Task description -
Print all of the data exactly, with no line missing.
[Given records Boundary: Start]
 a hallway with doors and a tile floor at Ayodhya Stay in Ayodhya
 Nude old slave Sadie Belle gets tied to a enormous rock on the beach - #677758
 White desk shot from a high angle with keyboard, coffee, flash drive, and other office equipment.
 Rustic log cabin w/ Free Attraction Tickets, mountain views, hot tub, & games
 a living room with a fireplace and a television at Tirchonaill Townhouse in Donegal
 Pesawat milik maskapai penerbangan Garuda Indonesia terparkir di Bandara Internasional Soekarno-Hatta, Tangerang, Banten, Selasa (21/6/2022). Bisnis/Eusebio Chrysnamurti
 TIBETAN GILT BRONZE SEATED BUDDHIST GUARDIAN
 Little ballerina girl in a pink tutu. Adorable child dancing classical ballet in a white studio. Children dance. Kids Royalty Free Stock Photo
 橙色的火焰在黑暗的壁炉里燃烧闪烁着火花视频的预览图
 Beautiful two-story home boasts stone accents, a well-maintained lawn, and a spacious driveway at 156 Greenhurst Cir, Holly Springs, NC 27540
[Given records Boundary: End]
Final answer -
 a hallway with doors and a tile floor at Ayodhya Stay in Ayodhya
 Nude old slave Sadie Belle gets tied to a enormous rock on the beach - #677758
 White desk shot from a high angle with keyboard, coffee, flash drive, and other office equipment.
 Rustic log cabin w/ Free Attraction Tickets, mountain views, hot tub, & games
 a living room with a fireplace and a television at Tirchonaill Townhouse in Donegal
 Pesawat milik maskapai penerbangan Garuda Indonesia terparkir di Bandara Internasional Soekarno-Hatta, Tangerang, Banten, Selasa (21/6/2022). Bisnis/Eusebio Chrysnamurti
 TIBETAN GILT BRONZE SEATED BUDDHIST GUARDIAN
 Little ballerina girl in a pink tutu. Adorable child dancing classical ballet in a white studio. Children dance. Kids Royalty Free Stock Photo
 橙色的火焰在黑暗的壁炉里燃烧闪烁着火花视频的预览图
 Beautiful two-story home boasts stone accents, a well-maintained lawn, and a spacious driveway at 156 Greenhurst Cir, Holly Springs, NC 27540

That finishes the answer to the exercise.